Оказывается, в посылочке был обратный адрес. Мама вспомнила, что первым ее иностранным языком, еще со школы был именно немецкий, его она знала куда лучше французского, и собственными силами освоенного английского.

— Ее зовут фрау Ремер, я все ей написала. — Помолчав, мама добавила, сурово прищурившись. — Пусть знает.

Съехавшись с матерью, я обнаружил, что у мамы появилось новое имя — Алексеевна. Так ее звали окрестные старушки, круглосуточно заседавшие на скамейках пе–ред подъездом. Мама не возражала, откликалась, когда к ней так обращались, но внутрь дома, как я догадался, это имя не желала пускать, пусть оно остается исключительно уличным.
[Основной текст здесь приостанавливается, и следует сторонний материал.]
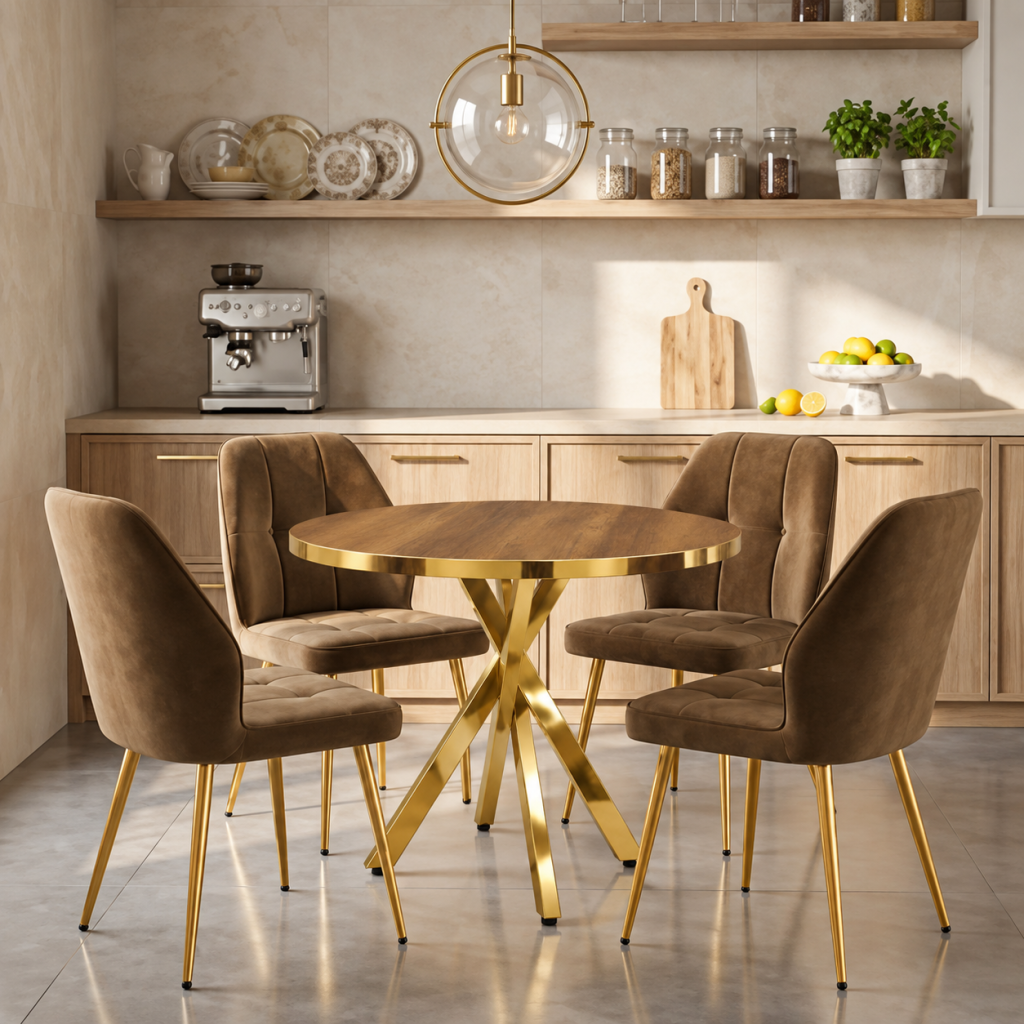 Set-masa-Tania-X-Nuc-Gold-Rotunda-cu-4-Elira-Maro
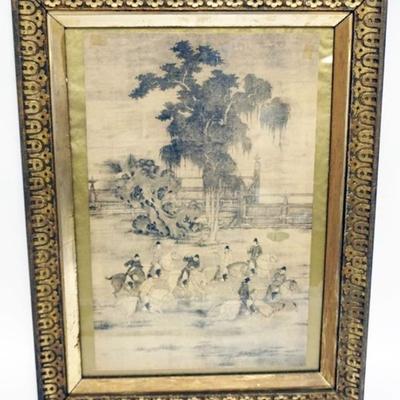 1107	FRAMED ASIAN PRINT, APPROXIMATELY 19 IN X 25 IN OVERALL
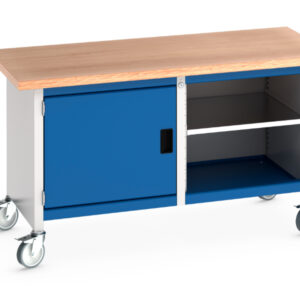 Bott Verso Mobile Workbench with Cupboard Storages - Cubio Mobile Storage Bench (Mpx) Full Cupboard Storage / Mid Shelf. WxDxH: 1500X750X840mm Ral 7035/5010 _SKU-41002094.11V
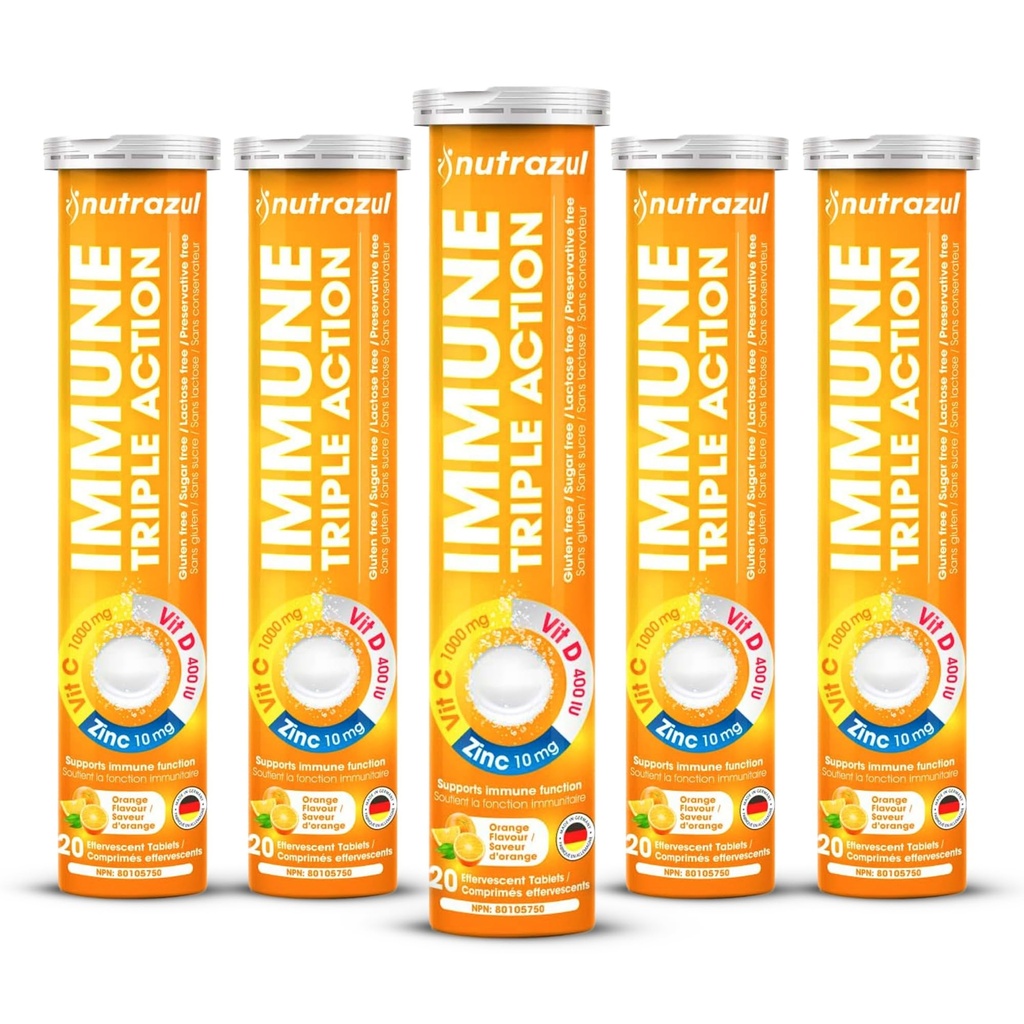 tabletki musujące z witaminą C 1000mg, witaminą D, cynkiem, nośnikiem dziennej rutyny, bez glutenu, bez cukru, bez mleczka, aromat pomarańczowy, 20 tabletek (opakowanie po 5x20)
Смириться с ним полностью, это, значит, слиться с теплой, серой массой совершенно политически темных бабулек, вяжущих и сплетничающих в тени лип. Для нее это было бы подобно идейной смерти. Да, она ушла из секретарей по требованию семьи, но продолжала считать себя человеком думающим, и неравнодушным, от которого даже что–то зависит в этой жизни. Пусть единственным политическим собеседником у нее остается телевизор, она общается с ним в качестве именно пожилого коммуниста ИДЕИ Поповой, а не старушки Алексеевны. Но наступил момент, когда и эта ее позиция была атакована. Мой друг Сашка Кондрашов, верующий, более того воцерковленный человек, ужаснувшись революционному имени мамы, и узнав ее крестильное имя, воодушевленно заявил, что впредь будет ее звать только так — Аграфена. Он, был еще больший ненавистник советчины, чем я, и справедливо считал, что времена коммунистического мрака на земле нашего отечества миновали, и теперь оставшиеся ошметки его нуждаются в активном, безапелляционном истреблении. Поскольку он бывал у нас в гостях очень часто, и голосом обладал завидным, то имя Аграфена грохотало постоянно. Сашка считал своим долгом поддерживать его звучание в воздухе квартиры. Мама не спорила, не сопротивлялась, виновато улыбалась и помалкивала. Более того, спустя некоторое время начала проявлять некоторый энтузиазм в религиозном отношении. Собственно, это произошло не в силу истинной духовной потребности, и даже не по возрастным причинам, как у других стариков, мол, пора задуматься о вечном, о душе. Ей почудилось, что в наши дни быть христианином, значит быть, вроде как передовым, современным человеком. Не в банальной моде конечно тут дело, но и не совсем без этого. Всегда она считала долгом настоящего гражданина быть на переднем крае, и если уж передний край пролегает теперь перед иконостасом, то, что же делать — задрав штаны бежать за крестным ходом.